* Capitol News Illinois…
As Illinois lawmakers continue to push for the passage of an energy overhaul this spring, the Illinois House Energy and Environment Committee discussed the latest proposal to enter the discussion – Gov. JB Pritzker’s Consumers and Climate First Act.
House Bill 4074, sponsored by Rep. Kam Buckner, D-Chicago, was brought before committee for discussion only. Pritzker’s 900-page proposal was released at the end of April with the goal of transitioning Illinois to 100 percent carbon-free energy – including nuclear power – by 2050. […]
Deputy Gov. Christian Mitchell, who also presented the bill in committee, said many of the ideas in Pritzker’s proposal align with the goals of other energy bills, especially the Clean Energy Jobs Act. Sponsored by Rep. Ann Williams, D-Chicago, CEJA was initially introduced to the General Assembly in spring 2019 and has been one of the most publicized bills amid ongoing energy negotiations. […]
No action has been taken on Pritzker’s proposal yet, but as the General Assembly reaches their final stretch of session, negotiations on a compromise measure continue. Mitchell said Pritzker’s administration is willing to continue to work on a final product.
Lots more in that story, so click here if this topic is of interest.
* Looks like the governor could be put on the spot…
Senate Bill 1965 lead by Rep.
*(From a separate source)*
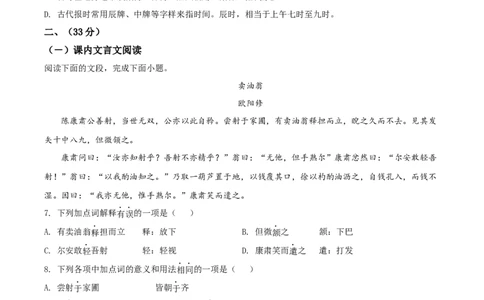 精品解析：2022年山东省济南市中考语文真题（原卷版）_中考真题_1.语文中考真题2015-2024年_2022中考语文真题145份20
La Shawn Ford, D-Chicago, and Sen. Kimberly Lightford, D-Maywood, would make June 19 an annual state holiday to commemorate the end of slavery in the United States after Abraham Lincoln signed the Emancipation Proclamation in 1863. The holiday is celebrated on June 19 as the day when slaves in Texas found out they were free in 1865, over two years since they had legally been granted freedom.
This version of the bill would take effect immediately upon the governor’s signature. If passed by the House and signed by Gov. JB Pritzker by June 19, this year’s Juneteenth would be an official state holiday. Because the holiday falls on a Saturday this year, Monday would be the day off for state workers. The bill already passed unanimously in the Senate.
Ford and Lightford are leading another version of the bill that is currently in the Senate. House Bill 3922 already passed the House unanimously. However, if this version was sent to the governor, Juneteenth would not be a state holiday until 2022. It also would not give state workers the following Monday off should the holiday fall on a weekend, which makes it less costly than the Senate bill.
* NPR Illinois interview with Comptroller Mendoza…
NPR Illinois: Your office has one initiative, House Bill 571, which would call for municipalities…to report more details about tax increment financing districts. Could you just first tell me a little bit about what that bill would accomplish? And also because such a big portion of education dollars are wrapped up in property taxes, do you believe that school districts should have a say on whether a TIF is created in their district or whether or not their dollars should be allocated to go towards a TIF, especially since not all TIFs, you know, lead to a return on investment?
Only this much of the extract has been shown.